William Preston Jr.
William Preston Jr., a historian and activist whose 1963 book Aliens and Dissenters: Federal Suppression of Radicals, 1903–1933 helped open a new field of scholarly inquiry into government policies that repressed radicals and restricted civil liberties, died on April 19, 2010, at his home in Martha’s Vineyard. He was 85.
From 1973 to 1988, Mr. Preston was chairman of the history department at John Jay College of Criminal Justice in Manhattan.
Born into a privileged family Preston veered away from his roots after serving as a tank gunner in World War II. His unit was in the first wave of U.S. forces that landed on Omaha Beach at H-Hour on June 6, 1944. He was severely wounded during the war and was left partially paralyzed for the rest of his life. The army, he later said, “fed my identification with the underdog . . . I learned something about class, a lot about stupidity in authority, and came out with a very resistant attitude toward higher powers” (Paul Buhle, ed., History and the New Left, 1990).
After the war, his emerging interest in underdogs was nourished by his uncle, Roger N. Baldwin, founder of the American Civil Liberties Union. Preston’s commitment to academic freedom was tested in 1950 after he enrolled as a graduate student at the University of California at Berkeley following his graduation from Columbia University. The university would not hire him as a teaching assistant because he refused to sign an oath swearing he was not a member of the Communist party or any alleged subversive group. He moved to Madison, Wisconsin, where he joined a core of radical professors at the University of Wisconsin. With the support of his professors, Preston began delving into the history of government repression of immigrants and radical labor unions between 1903 and 1933. He became the first researcher given access to mountains of Justice Department records that showed a pattern of surveillance, intimidation, raids, deportations that accompanied the post–World War I red scare. He hunkered down for two years at the National Archives to review these materials.
In his August 1963 Washington Post review of Aliens and Dissenters Supreme Court Justice William O. Douglas praised the book for revealing “the seamy side of America . . . bigotry, intolerance, hatred, suspicion of foreigners, and the use of class power to pulverize the less privileged.” The book’s use of formerly classified records also pointed the way for a new generation of historians and activists who began to demand access to files that could shed light on government surveillance, wiretapping, and suppression of information. Aliens and Dissenters helped set the stage for revelations that surfaced in the Watergate investigation, the Church committee report on Central Intelligence Agency surveillance of domestic radicals, and the George W. Bush administration. The book is still widely used in classrooms.
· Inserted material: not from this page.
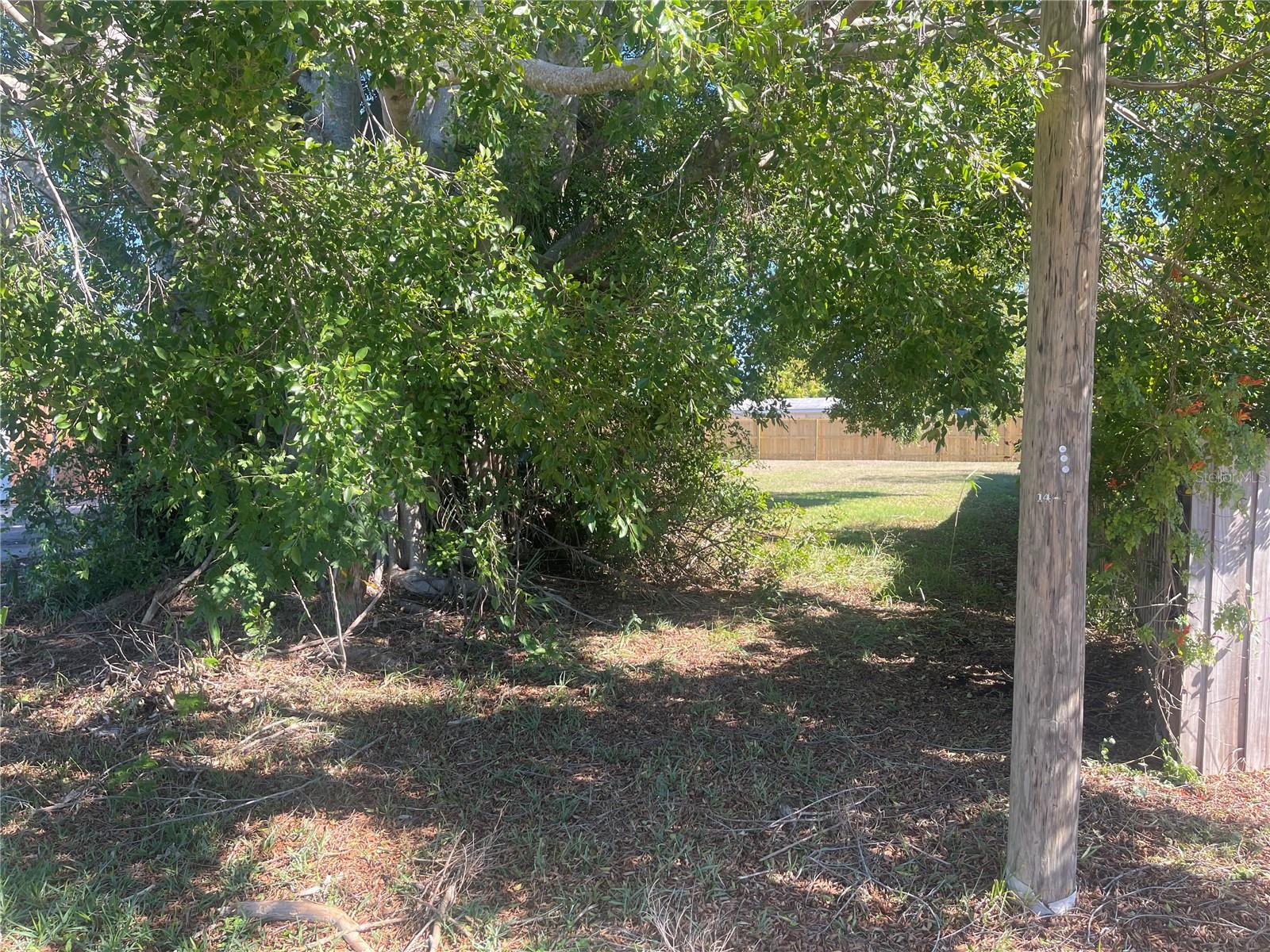 Image 2 of 4 For 108 River Boulevard N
From 1954 to 1970, until he resigned in a protest over the administration’s treatment of black students, Preston was professor of history and chairman of the history department at Denison University in Granville, Ohio. In 1973 Preston became chairman of the history department at John Jay, providing him the opportunity to teach civil liberties and constitutional history to police officers at precinct stations. Preston often said that police officers were among the most receptive students he ever had. Preston also served as chairman of the Fund for Open Information and Accountability (FOIA, Inc.), an organization that fought government secrecy and classification, supported the use of the Freedom of Information Act, and helped block the destruction of Federal Bureau of Investigation field office files.
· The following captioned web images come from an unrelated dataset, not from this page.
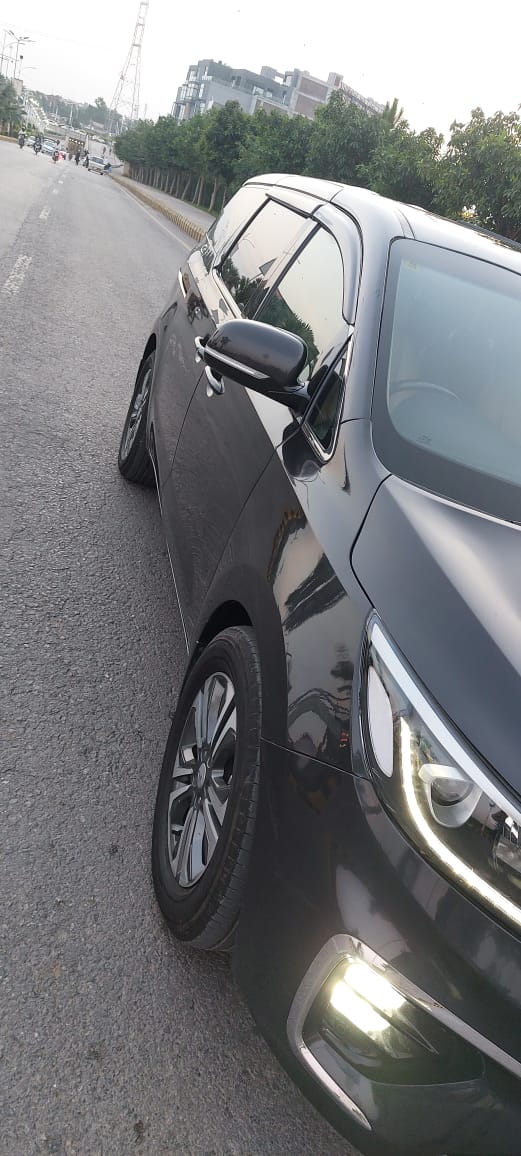 KIA - GRAND CARNIVAL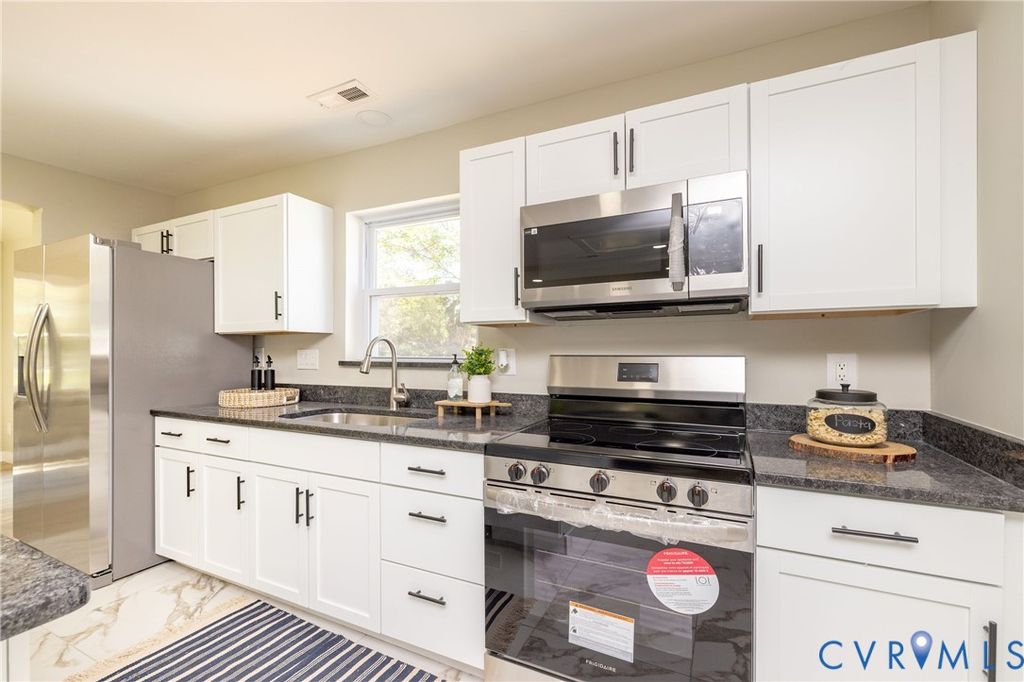 7272 Willson Rd, Henrico, VA 23231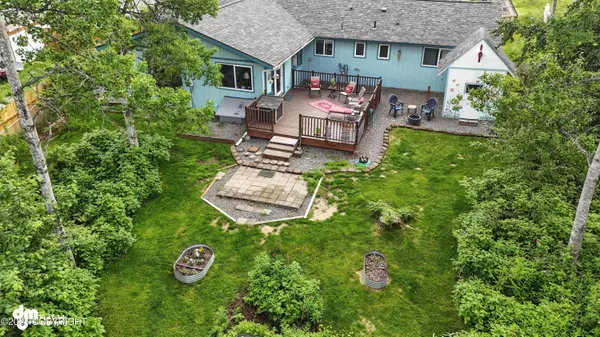 222 Crest DR, Soldotna, AK 99669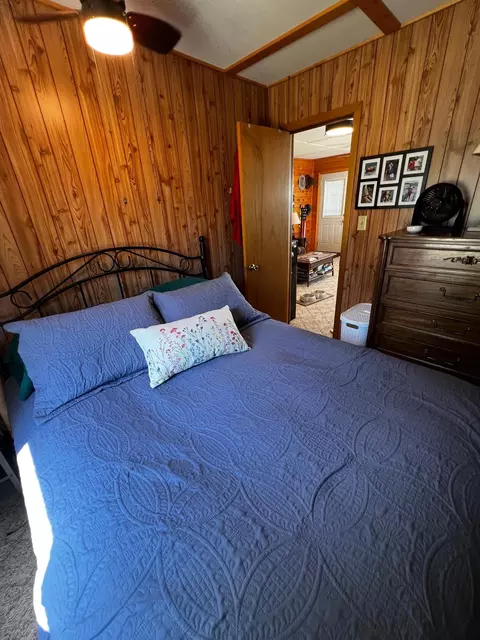 Bedroom - 1208 E Lake St, Osakis, MN 56360 photo 2 of 3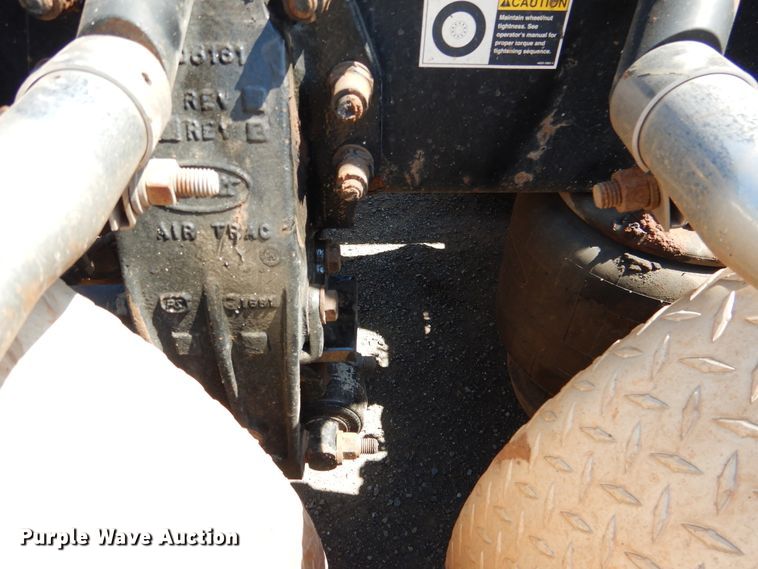 image for item DE4016 2008 Peterbilt 389 semi truck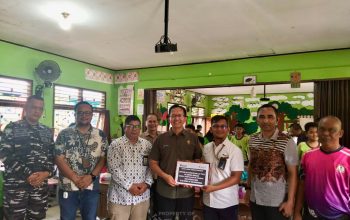 PT Timah Dukung Program MBG Lewat Bantuan Peralatan Makan dan ATK di Belitung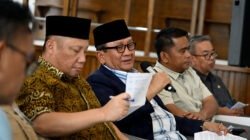 Ketua Timsel Komisi Informasi (KI) Provinsi Sumut Hatta Ridho bersama anggota RE Nainggolan, Muhammad Suib, Arif Purba, Sekretaris Dinas Kominfo Sumut Achmad Yazid Matondang, serta Kabid IKP (Informasi dan Komunikasi Publik) Dinas Kominfo Sumut Porman Mahulae saat konferensi pers Dinas Kominfo Sumut di Lobby Dekranasda, Kantor Gubernur Sumut, Selasa (21/4/2026).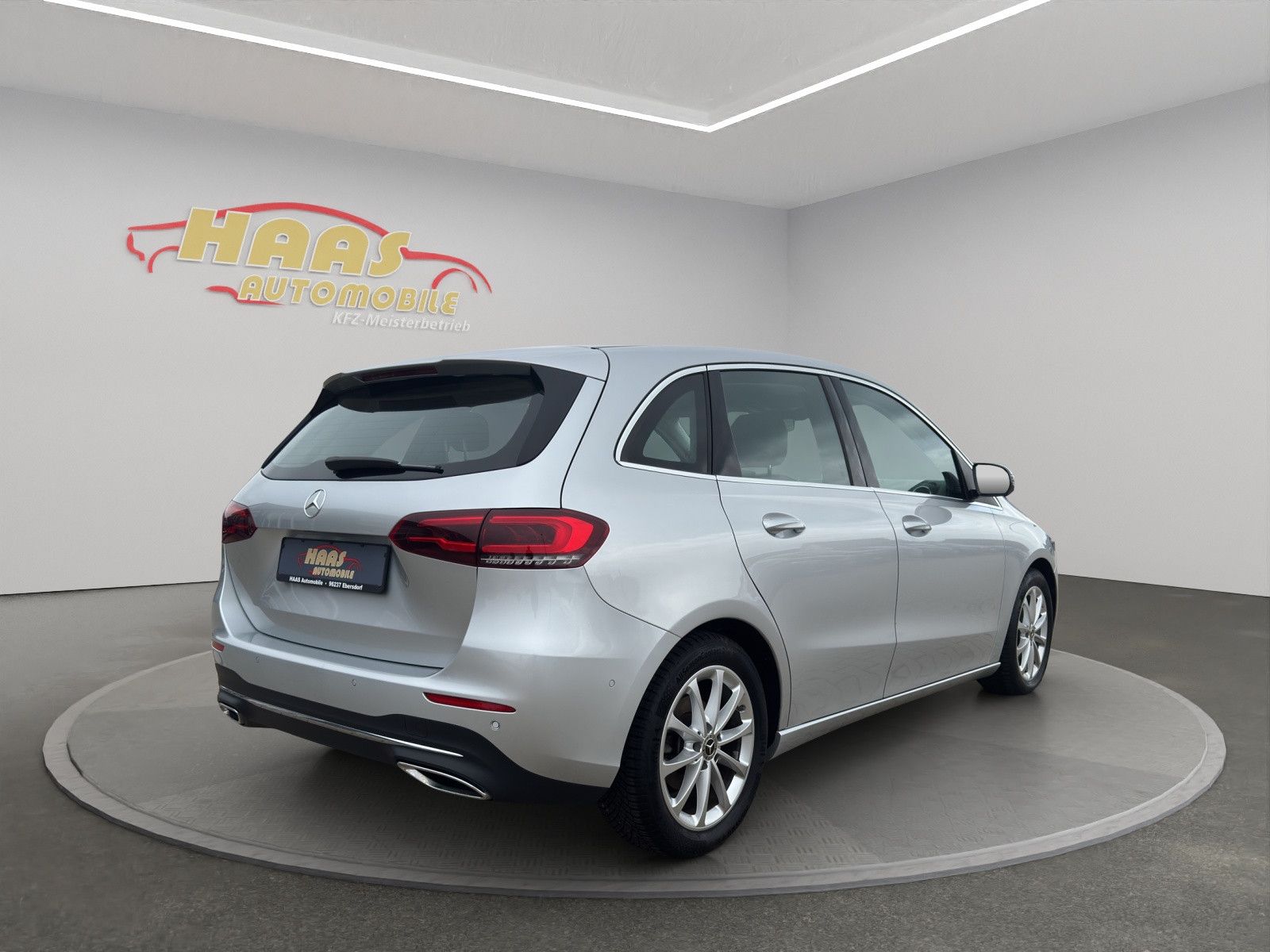 Mercedes-Benz B 180 B -Klasse*Navigation*Digital Tacho*1.Hand* foto 5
Preston continued to write articles on the history of civil liberties after leaving John Jay, and his account of his Omaha Beach experience appeared in the July 14, 1994, issue of the New York Review of Books. Describing the “near catastrophe” of the day, he wrote that the events “diminished forever the credibility of the concepts of strategic planning and tactical order; it provided me instead with a sense of chaos, random disaster and vulnerability.”
He is survived by a son, Michael Preston, and three daughters, Margo Baldwin, Evie Preston, and Lauren Preston-Wells.